Task prompt: Every line of the data below should be retyped exactly.

Recorded information:
○ ○ ○ ○ ○ ○ ○
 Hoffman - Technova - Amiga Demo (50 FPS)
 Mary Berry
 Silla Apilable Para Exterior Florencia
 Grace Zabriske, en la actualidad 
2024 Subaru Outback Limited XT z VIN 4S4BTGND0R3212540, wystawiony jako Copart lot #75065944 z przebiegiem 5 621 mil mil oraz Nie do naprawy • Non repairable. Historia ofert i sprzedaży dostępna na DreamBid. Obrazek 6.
○ ○ ○ ○ ○ ○ ○
Answer area:
 Hoffman - Technova - Amiga Demo (50 FPS)
 Mary Berry
 Silla Apilable Para Exterior Florencia
 Grace Zabriske, en la actualidad 
2024 Subaru Outback Limited XT z VIN 4S4BTGND0R3212540, wystawiony jako Copart lot #75065944 z przebiegiem 5 621 mil mil oraz Nie do naprawy • Non repairable. Historia ofert i sprzedaży dostępna na DreamBid. Obrazek 6.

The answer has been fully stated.